• [Dataset entries]:
# # # # # # #

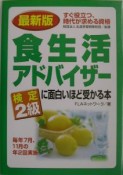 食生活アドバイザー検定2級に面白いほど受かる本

# # # # # # #

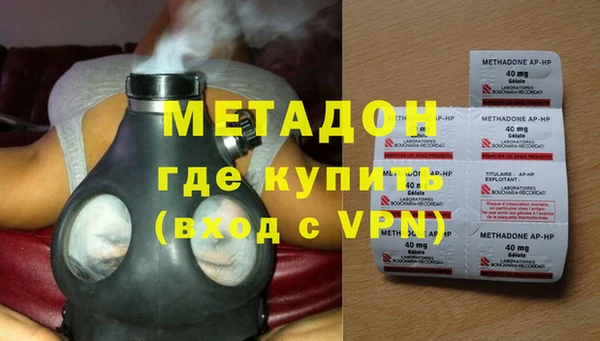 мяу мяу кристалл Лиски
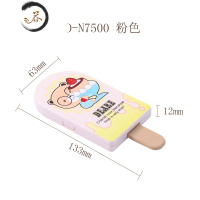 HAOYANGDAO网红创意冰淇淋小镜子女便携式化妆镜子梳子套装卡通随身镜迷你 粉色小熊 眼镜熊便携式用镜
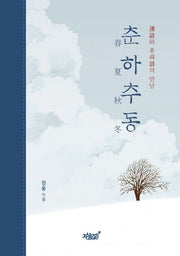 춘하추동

# # # # # # #

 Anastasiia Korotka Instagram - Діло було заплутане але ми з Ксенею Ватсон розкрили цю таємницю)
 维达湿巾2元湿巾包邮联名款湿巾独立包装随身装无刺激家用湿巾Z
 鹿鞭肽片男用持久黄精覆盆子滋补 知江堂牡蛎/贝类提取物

# # # # # # #

• [Task to complete]: Reproduce, word for word and in full, only the lines above that start at the line with "Anastasiia Korotka Instagram" and run through the line with "鹿鞭肽片男用持久黄精覆盆子滋补 知江堂牡蛎/贝类提取物", both ends included.

• [Task output]:
 Anastasiia Korotka Instagram - Діло було заплутане але ми з Ксенею Ватсон розкрили цю таємницю)
 维达湿巾2元湿巾包邮联名款湿巾独立包装随身装无刺激家用湿巾Z
 鹿鞭肽片男用持久黄精覆盆子滋补 知江堂牡蛎/贝类提取物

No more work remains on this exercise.